In a paper published in Spine

[i] researchers looked at the water content of the intervertebral discs after a period of exercise that involved 15 repetitions of flexion, extension and left and right rotation. They used MRI as the technique of choice and measured the water content of the intervertebral discs before and after exercise. They also measured what happened after 30 minutes of just pure lying down.

They recruited 40 medical students for the study (twenty-six males and fourteen females, average age 25.6 years old) without a recent history of back pain or sciatica nor did they have any previous spinal surgeries.

These researchers imaged the subjects using a standard 1.5 Tesla [which is the magnet power]. It was important to image at the same time of the day because the discs lose height and water slowly over the course of the day. And in imaging at the same time of day, it ensured to minimize the diurnal effects (the natural changes).

Interestingly, after they carefully mapped out the water with a technique called ‘T2 mapping’, they found that the discs lost water with the exercise. However, when they imaged the subjects immediately after the exercise, they instructed them to lie down on the MRI table for thirty minutes before a third scan was done.

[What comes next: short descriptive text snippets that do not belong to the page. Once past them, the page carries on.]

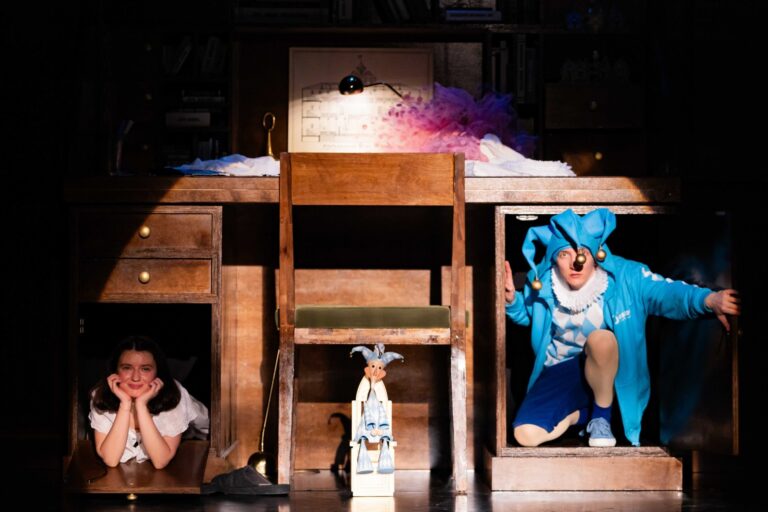 Sibiul, aplaudat la scenă deschisă la Cluj! Teatrul Gong se întoarce acasă cu două premii importante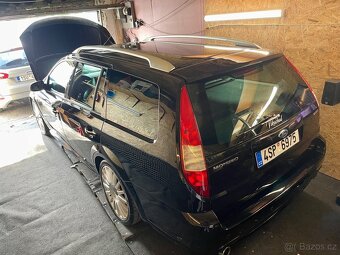 Ford Mondeo ST220 - 16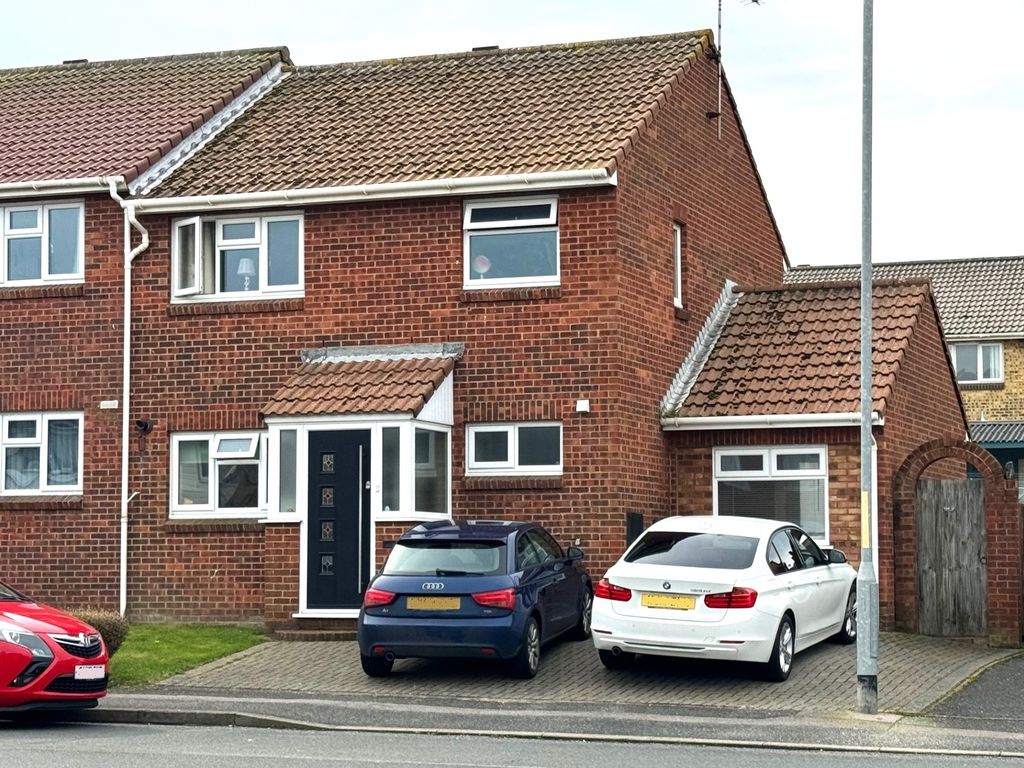 3 bed semidetached house for sale in Summerfield Road, Margate CT9, £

What they found was the spine recovered all the water loss when the subjects laid down for 30 minutes.


Take home message: after exercise, it is always a good idea to lie down, even if it is for 5 minutes, to allow your spine to rehydrate.


Our Research


In 2000, I began to string the research together and developed an exercise to rehydrate the spine. It is called chair-care and is recommended to those that have back pain while sitting. Or it is also prescribed to those that want to prevent back pain from sitting.

Having only a theory, I put the offloading exercise to the test with my patients when I practiced in the little coastal towns of Ucleulet and Tofino between 2000 and 2007. Of course, I tried the exercise on myself first to see if it was safe. And after continuing to receive positive outcomes from those select patients I thought it could benefit, I decided that it was necessary to try and get it published.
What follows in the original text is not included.